Wendi McGowan-Ellis  40:44  
Yeah, exactly. Well, I love that even that reflection that you just shared, it's another example of how our needs evolve over time, especially as we grow in our self awareness, and, frankly, self confidence about who we are.

Marsha Clark  40:58  
Yeah. And you know, for sure, so. So, one other observation or consistent experience that relates to facilitating this dominance line that I wanted to share is around who ends up doing the most moving in the line. So, that second place where I say, look up and down the line. Is everyone positioned where they need to be? If not, move them. And, you know, it's probably not going to come too much of a surprise to our listeners. But I'm going to ask them to think about it for a moment before I give the answer. So, would it be the people at the high dominance end of the line, the middle dominance part of the line or the lower less dominant? And if you think about people standing there, shoulder to shoulder, who's doing the moving? Do you want to play?

Wendi McGowan-Ellis  41:45  
Oh, yeah. Yeah. So, now I have my guess, because I remember it very clearly.

Marsha Clark  41:52  
And so what's your answer? Who did most of the movement?

Wendi McGowan-Ellis  41:55  
The most dominant end of the line.

Marsha Clark  41:57  
Okay, so yeah, we have a winner, right, because anecdotally speaking, and I haven't calculated this every single time but I've done this hundreds of times so it's pretty clear. In about 80% of the cases, people lined up in the more dominant, that right hand side of the line, doing the moving. So, not a surprise if I am a person who wants to be in control, I'm going to control where people stand based on the way I see them. Around 10% of the time, the moving comes from people standing in the middle of the line. And that's just you know, because it's relative, but I can be most of the people in my classes are dominant people because that's how they've gotten to be the positional leaders they are to get into my class in the first place. And in the last 10% or so of the cases, people in the least dominant part of the line do the moving. And as I said, it's not surprising that about the 80%, and even the middle of the line, but the surprise often shows up when that lesser dominant part of the line does the moving.

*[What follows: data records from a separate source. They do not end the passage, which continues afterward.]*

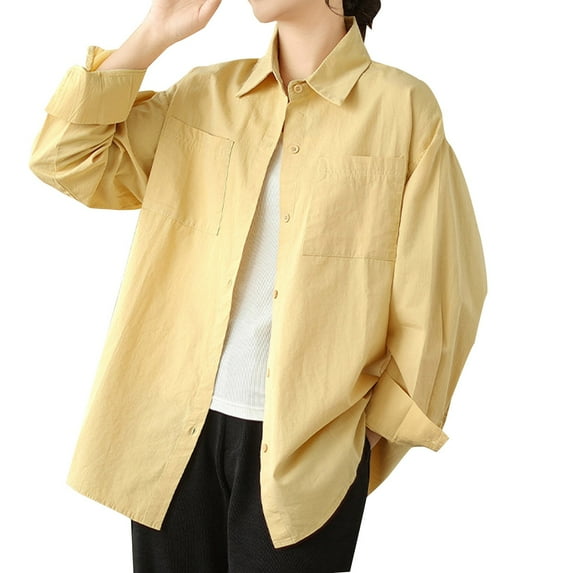 Women's Button Shirts Fashion Solid Color Stand-up Collar Shirt Long Sleeve Breathable Cotton Blouses Casual Loose Lapel Dressy Work Top with Pocket Yellow XL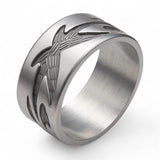 Oxidised Tattoo Sterling Silver Band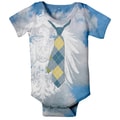 Boy's White and Blue Short-sleeve Bodysuit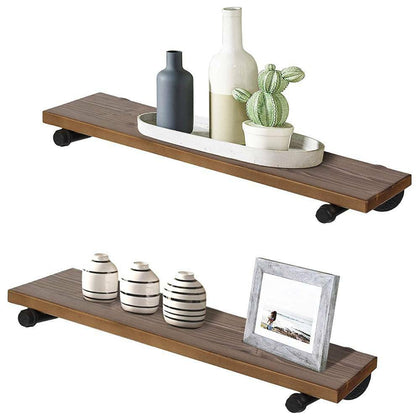 2pc Industrial Iron Pipe Shelf Wall Mounted Storage Display Floating Bookcase UK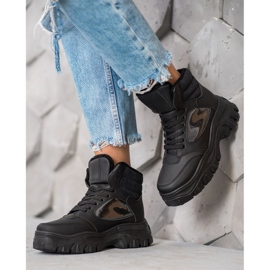 SHELOVET Botas de amarrar da moda preto 2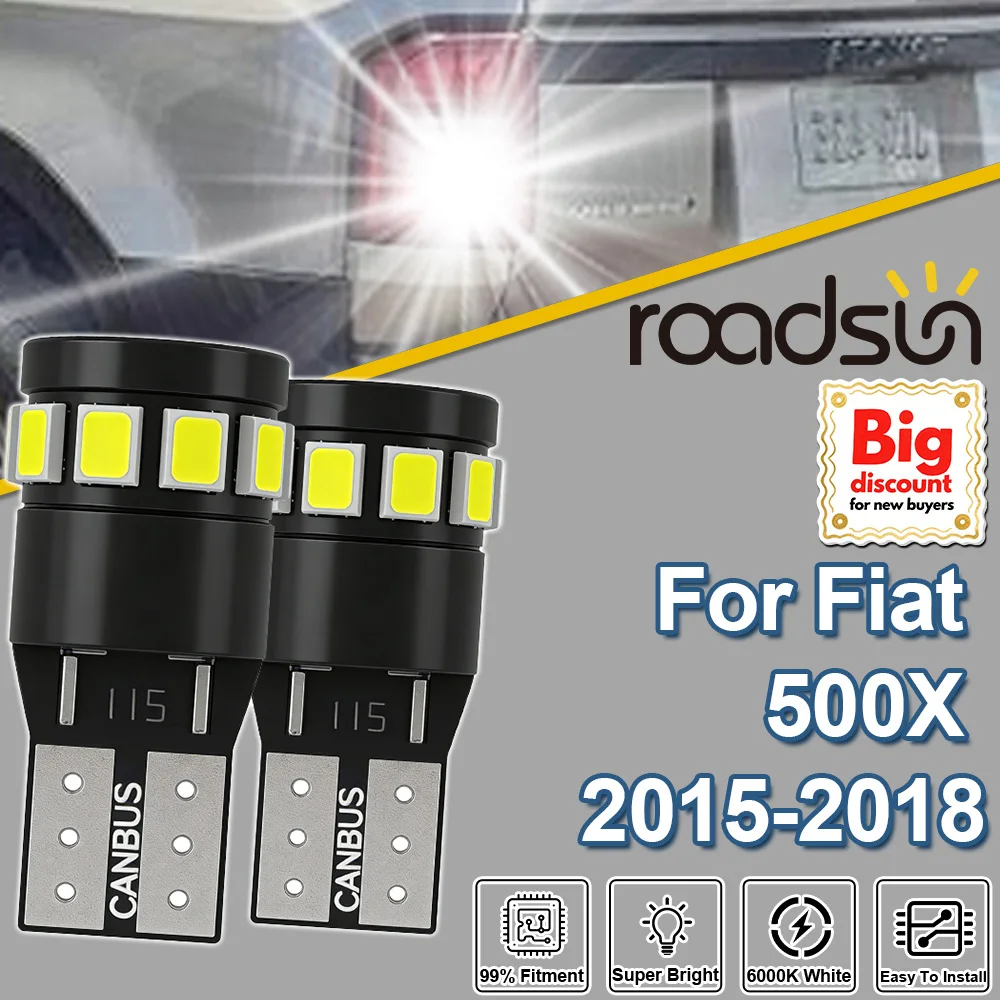 

Roadsun 2 шт. светодиодные лампы Canbus для подсветки номерного знака, ультраяркие, Plug and Play, для Fiat 500X 2015-2018, аксессуары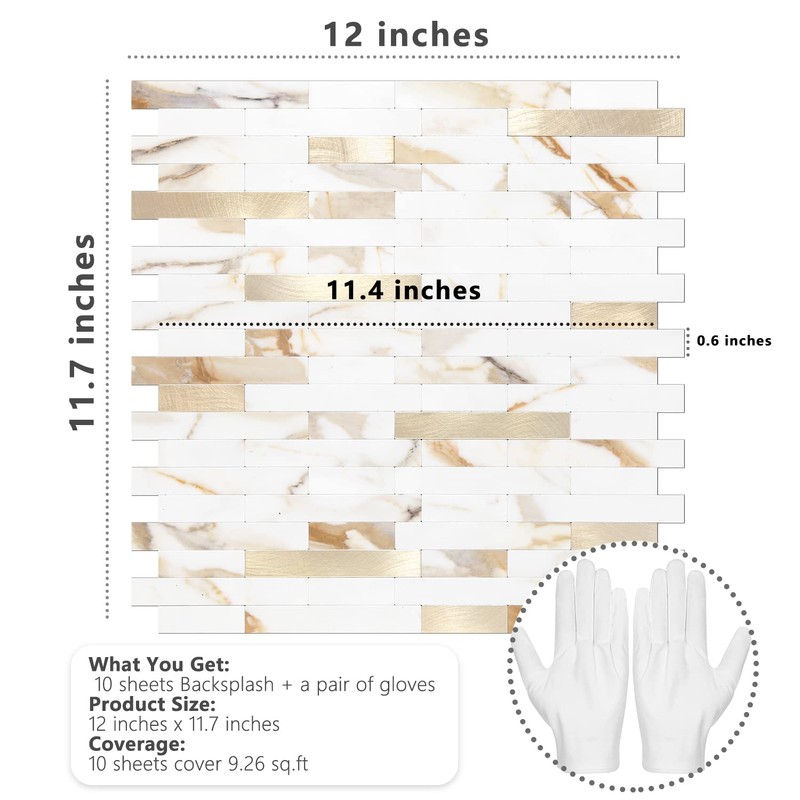 STICKGOO Peel and Stick Backsplash Tile, Stick on Backsplash for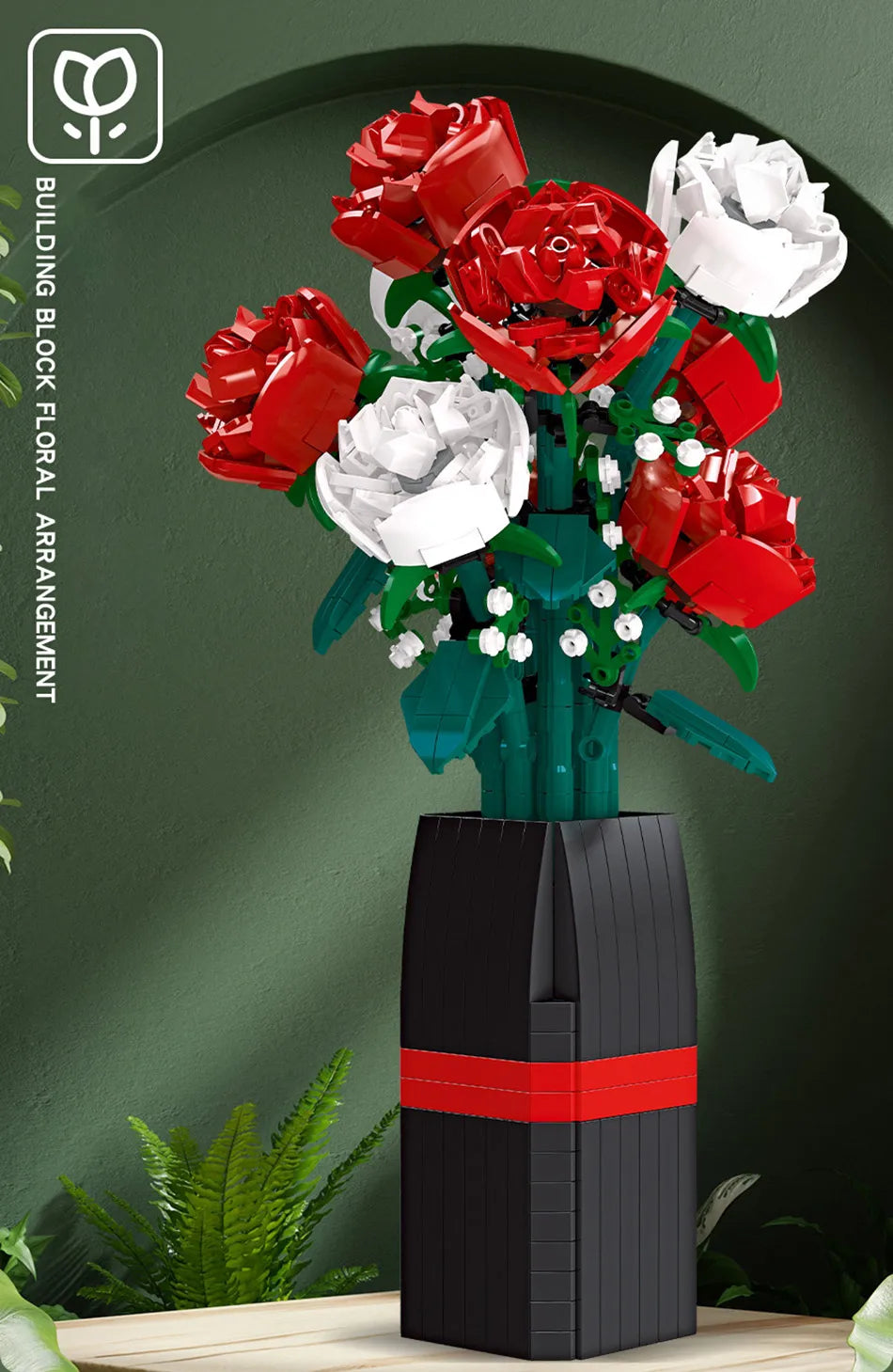 Creative Red Rose Vase Plants Model Building Blocks
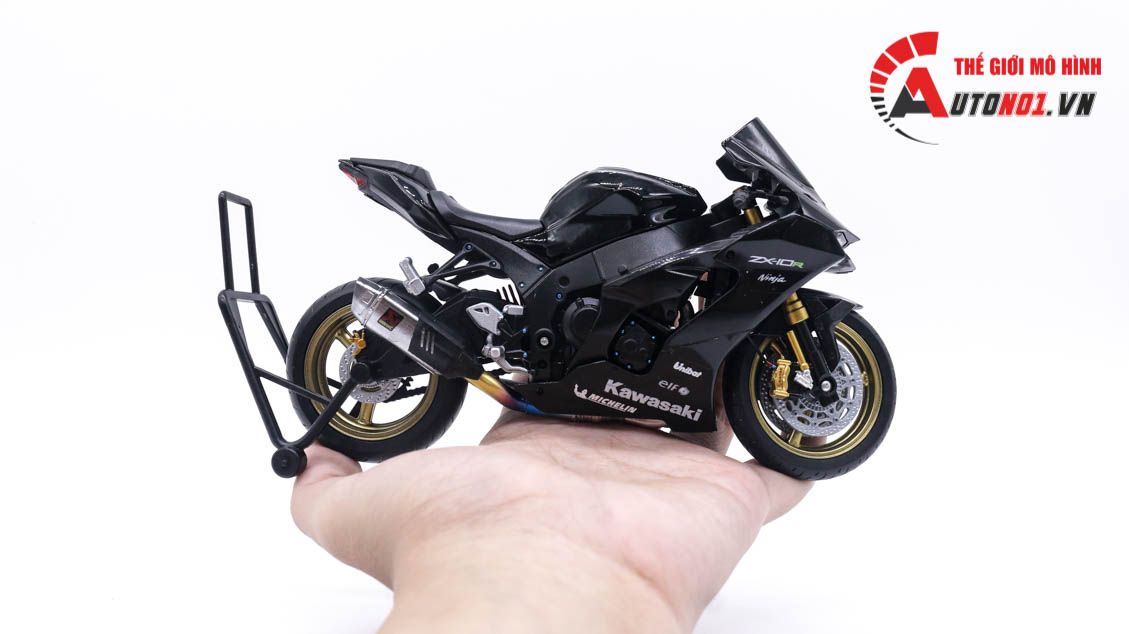  Mô hình xe độ Kawasaki Ninja Zx-10r black độ tem - pô akrapovic 1:12 Autono1 Welly D240 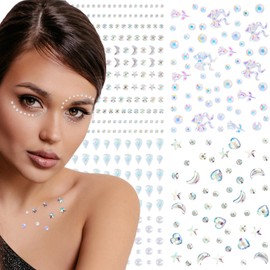 HINZIC 4 Sheets Star Moon Face Jewels Stickers, Self Adhesive Flower Bow Pearl Face Gems Makeup Stickers, Skiny Crystal Facial Rhinestones for Women Eyes, Bodys, Nails
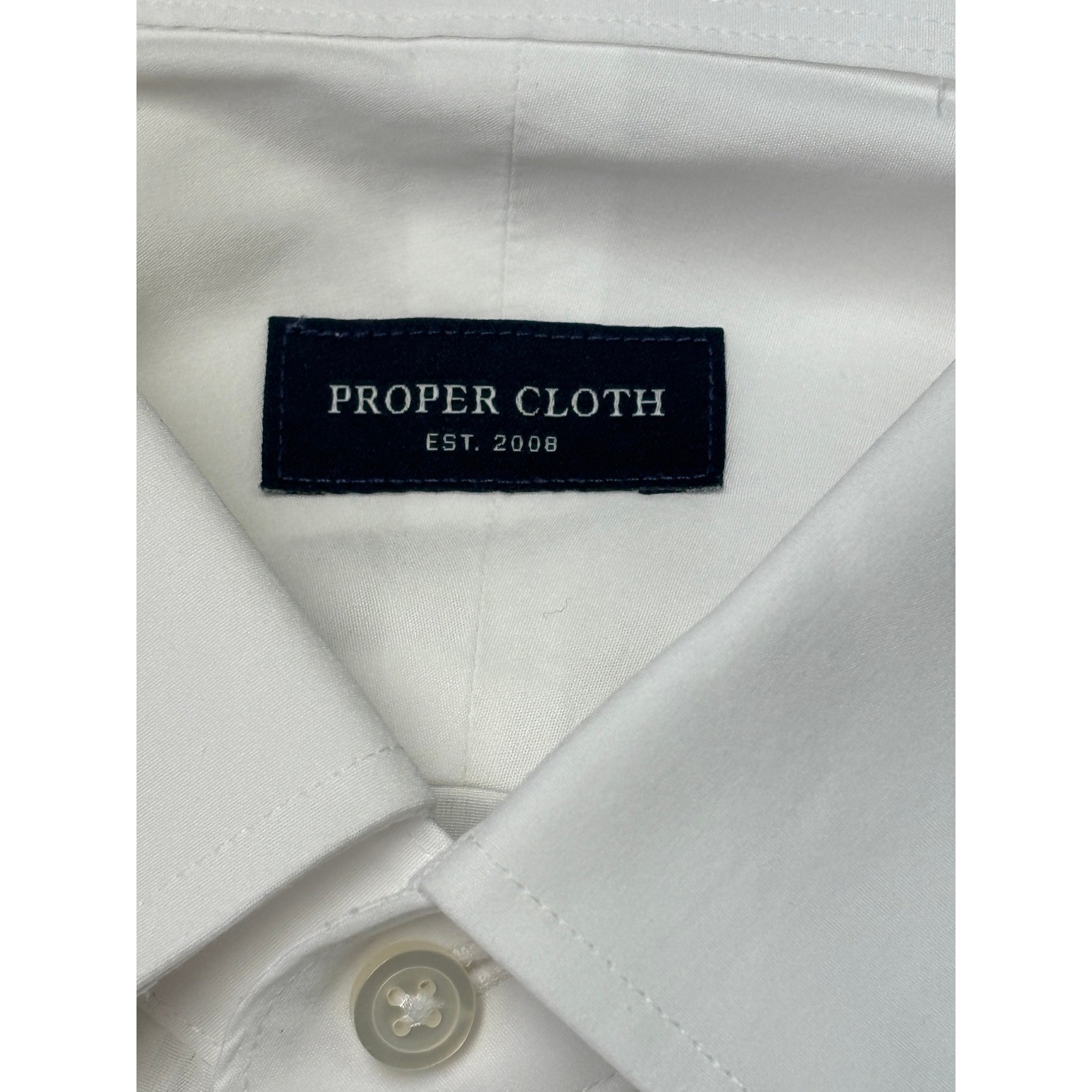 Proper Cloth Mens White Broadcloth Dress Shirt French Cuff 18.5 37 AC1855051A1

Wendi McGowan-Ellis  43:08  
Okay. And why is that?

Marsha Clark  43:09  
Well, because I've done some interviewing to find out what was going on for the people in that part of the line, there's usually two plausible possibilities. First, some people will only exert or act upon their control needs when they're given an invitation or given permission to do so. So, when I say look up and down the line, if you think somebody you have permission, you have the invitation, the instruction, the permission to move them. And then second, their need for control may be higher than they realize. And it might be a blind spot for them. And so our discussions around this, quite often yield some greater self awareness moments for everyone.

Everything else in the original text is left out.